It's been nearly three months since the Oakland Ghost Ship fire took the lives of 36 people, leaving behind a massive void in the Bay Area's underground music scene.
It makes sense, then, that the shows and fundraisers to honor the victims (of which there have been many) tend to include impressively diverse, genre-crossing lineups. Elegy For Ghost Ship: An Evening of Music In Remembrance, taking place this Thursday, Feb. 23, at San Francisco's beautiful Grace Cathedral, is no exception. Organized by Gabriel Connor (a friend of fire victim Cash Askew), and the Reverend Megan Rohrer (who, like Askew, is trans), the event offers an inclusive space to those affected by the fire.
"After losing a good friend in the fire and being with many other grieving friends, I felt compelled to seek out the mercy of a sacred space where all could grieve, heal, and raise up visions," Connor writes in an email. "Grace Cathedral has a universal appeal among Bay Area residents.
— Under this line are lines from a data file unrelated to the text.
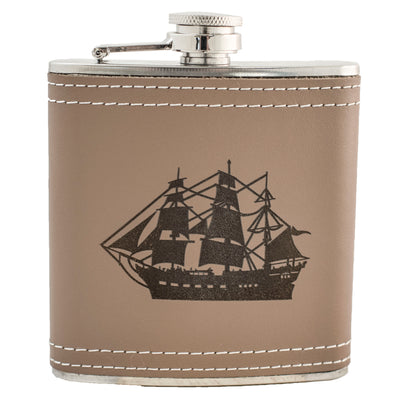 6oz Ship Leather Flask KLB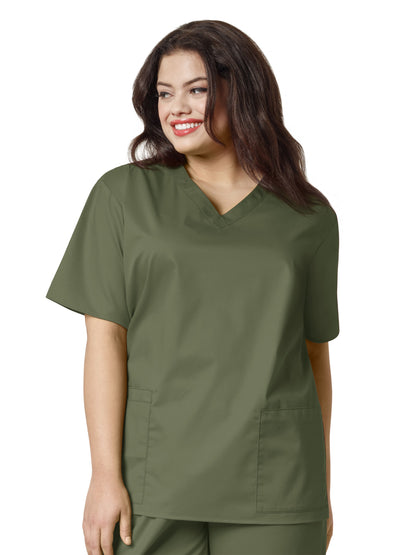 Women's Four-Pocket V-Neck Top - 101 - Olive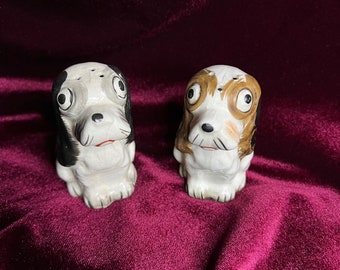 Vintage Pair of Dog Salt and Pepper Shakers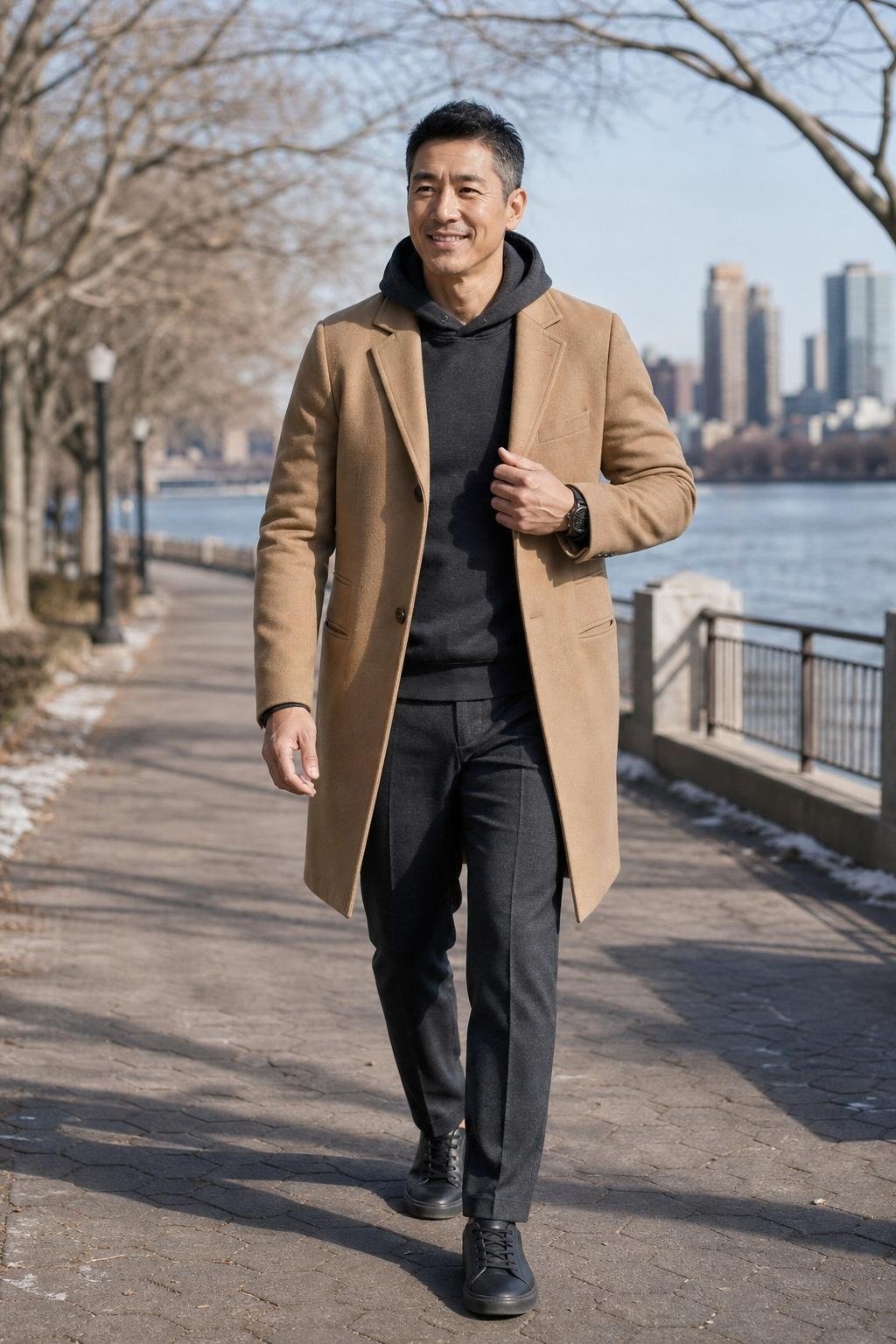 Charcoal hoodie, camel topcoat, black tapered trousers, white leather sneakers, crisp city stroll (option 1)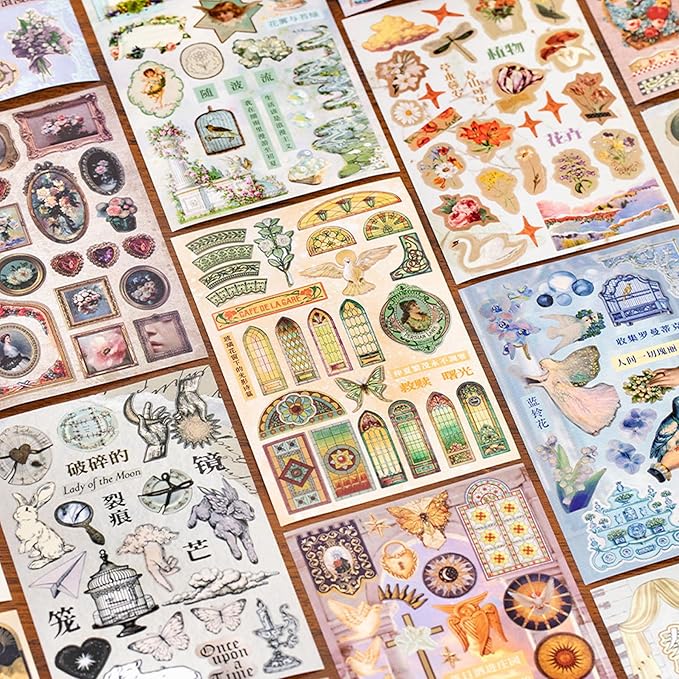 Aesthetic Die-Cut Sticker Book - 30 Sheets Matte & Tactile Finish Vintage Journaling Scrapbooking Supplies for Adults & Crafts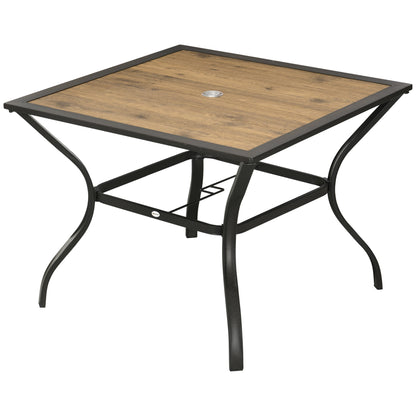 Square 37" Garden Outdoor Dining Table for 4, Square Patio Table with Plastic Board Tabletop for Backyard, Poolside, Mixed Brown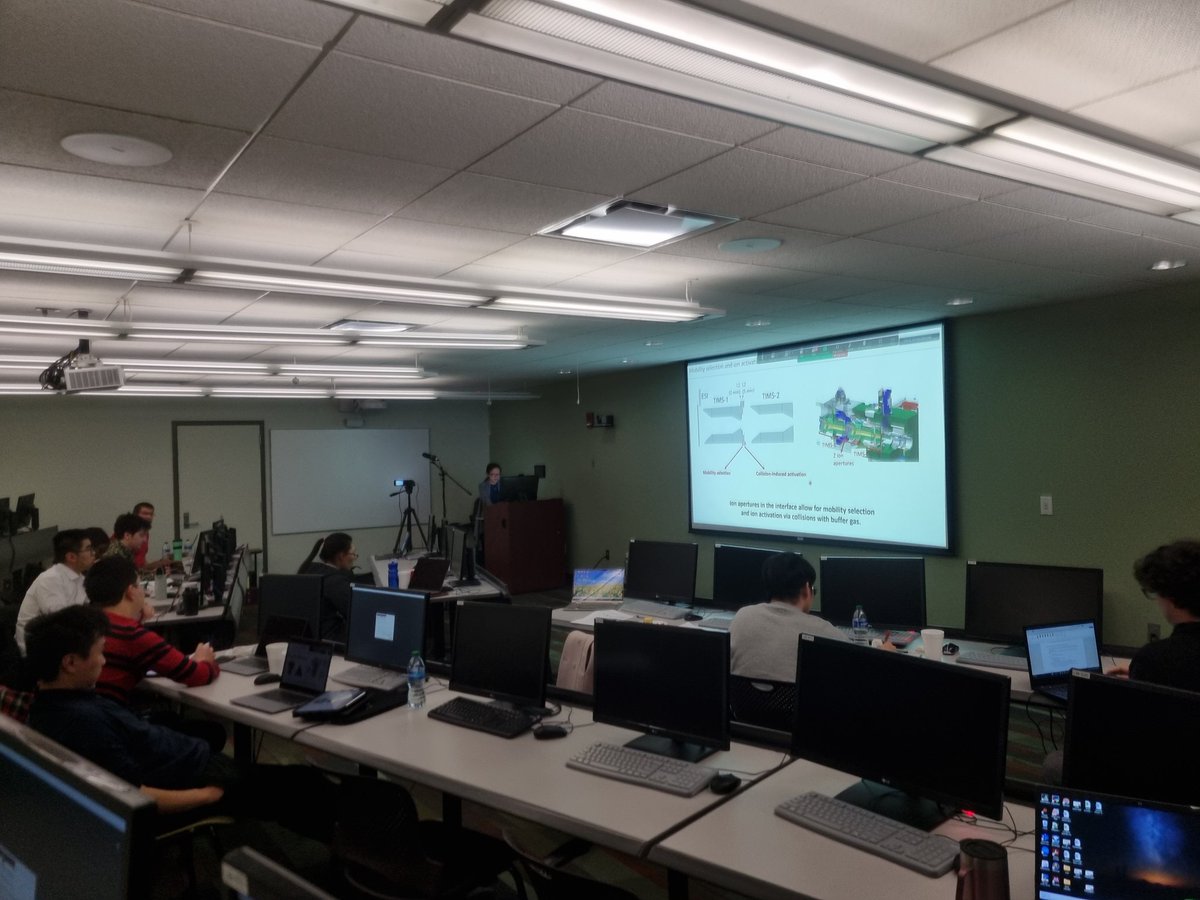 BleiholderFSU's tweet image. Sessions from the 2nd Day, with great talks of Dr. Wei Yang about molecular dynamics simulations and Dr. Fanny Liu about tandem-TIMS/MS. #SummerSchool #computationaltools #ionmobility 
@FannyCLiu 
@ChemistryFsu 
@asmsnews 
@FemalesInMS 
@ISIMSSociety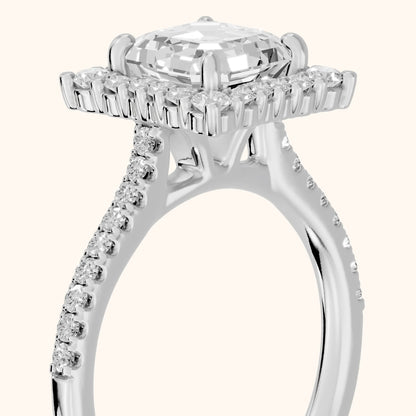 Ocala Halo Pavé Asscher Diamond Engagement Ring in Platinum - slant-view.webp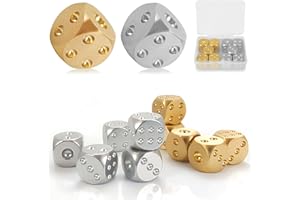 BOLOEST Lot de 10 dés en métal, en Aluminium/cuivre, dés à Six Faces, Angle Rond Standard D6, 15mm (Or, Argent)
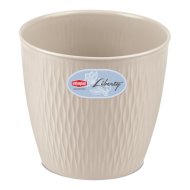 Liberty műanyag kaspó 16 cm, krémszínű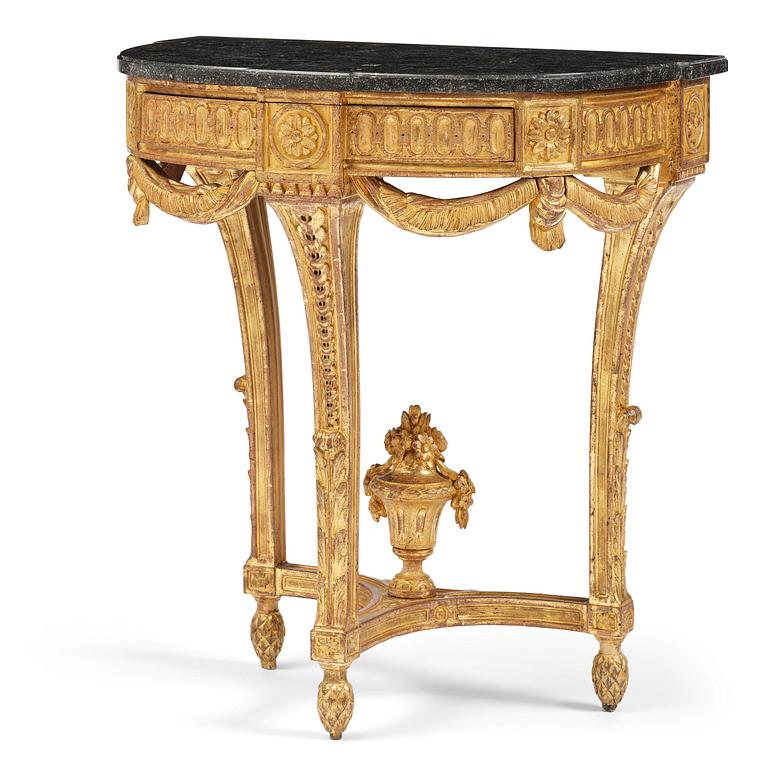 A Gustavian carved giltwood console table, Stockholm, late 18th century.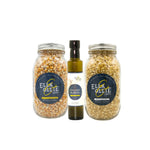 2 Mason Jars of Popcorn & 1 Olive Oil
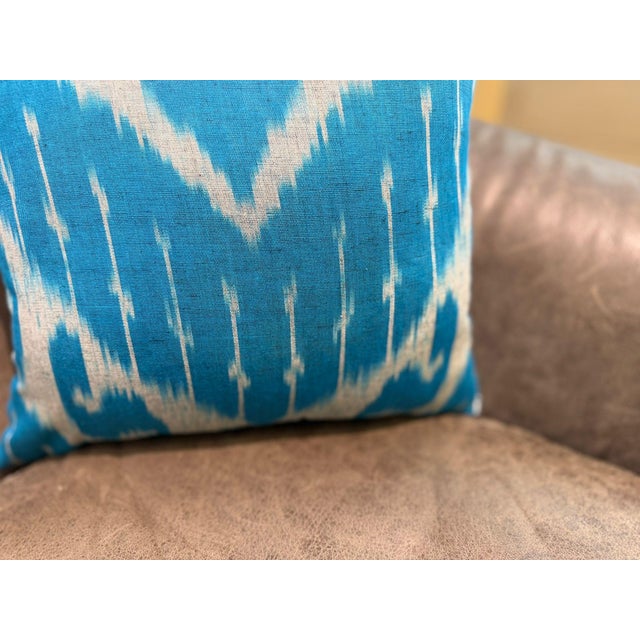 1990s Vintage Silk Ikat Square Cushion Cover For Sale - Image 5 of 13
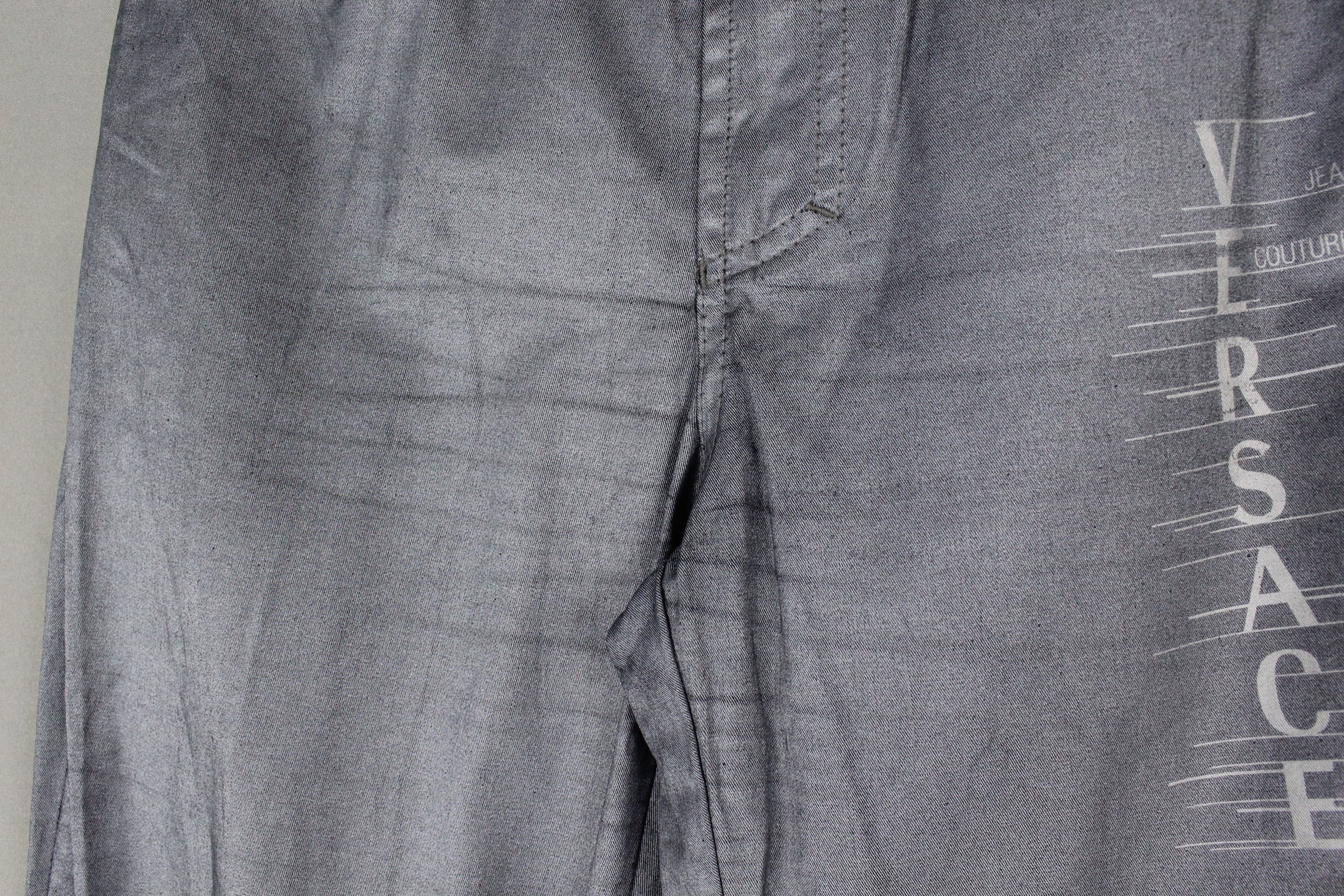 Versace Vintage Versace Jeans Couture Logo Silver Gray Pants Size US 30 / EU 46 - 3 Thumbnail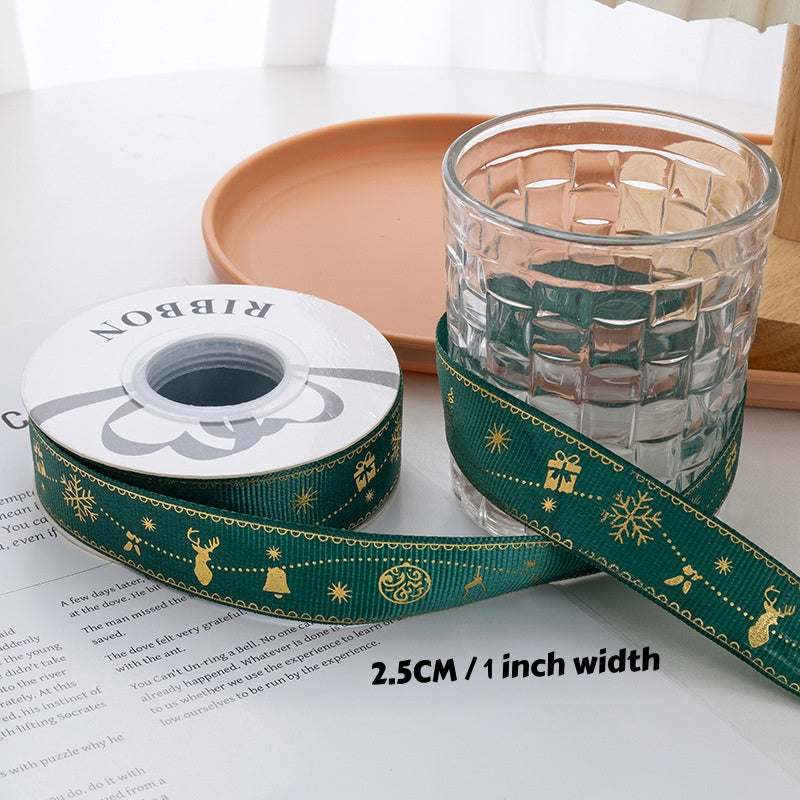 Christmas Foil Print Ribbon for Gift Wrap and Bows - NO04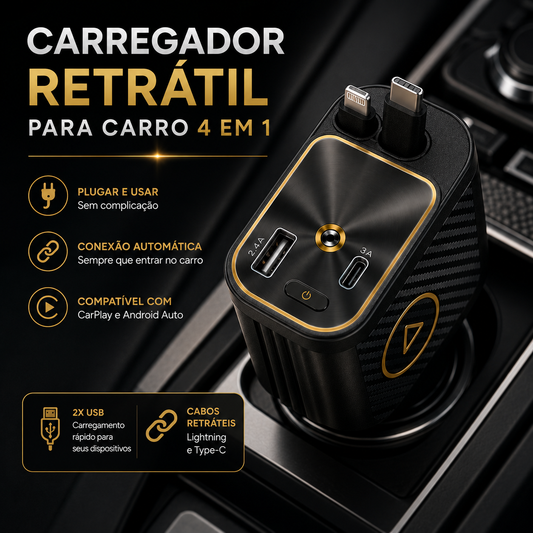 Carregador Retrátil 4 em 1 para Carro com Luz LED e Cabos Integrados – Royal Kar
The Cathedral also enjoys a history as a beacon for LGBT rights. The architecture and acoustics alone evoke profound feelings that carry beyond the Christian tradition." He noted that several other event organizers as well as performers had lost loved ones in the fire.
The bill of performers currently includes acclaimed throat-singer Enrique Ugalde (aka Soriah); Nethorthot Luku of Earth Child (performing the Japanese art of Butoh); Katabik (a label/music collective playing "estoeric ambient sounds"); the S.P.A.Z. collective (ambient electronica); violinist Maki Ishii Sowash and cellist Victoria Ehrlich of the San Francisco Opera orchestra; Jealous (hypnotic bass guitarist and songwriter Mark Treise); Oakland post-punk band The World; experimental music from Aja Archuleta a.k.a. Piano Rain; Jason Cool on sitar; Singers of the Street (a choir of people who are/have been homeless); readings from Reverends Lyle Beckman and Megan Rohrer, and more.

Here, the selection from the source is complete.